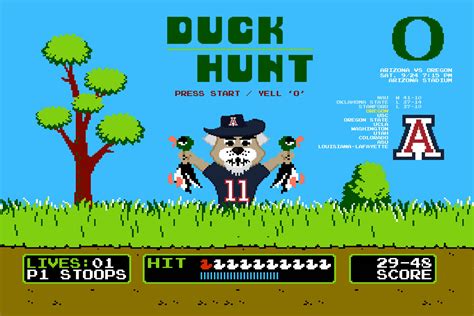 Download Duck Hunt Wild Cat Wallpaper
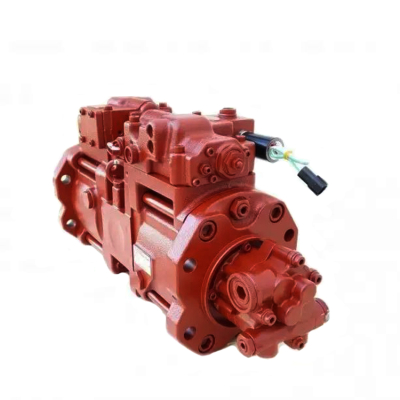 المضخة الهيدروليكية الرئيسية للحفارة CAT 312B E312B K3V63DT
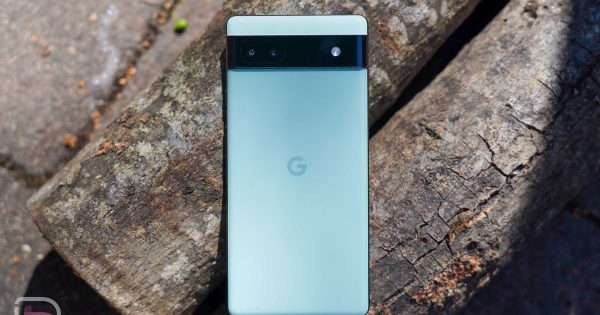 Google Stops Selling Pixel 6a - Vimarsana News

□ □ □ □

(TASK STATEMENT):
Copy out the lines above in full and unaltered, apart from the pictures.

(EXERCISE RESULT):
 Download Duck Hunt Wild Cat Wallpaper
 المضخة الهيدروليكية الرئيسية للحفارة CAT 312B E312B K3V63DT
 Google Stops Selling Pixel 6a - Vimarsana News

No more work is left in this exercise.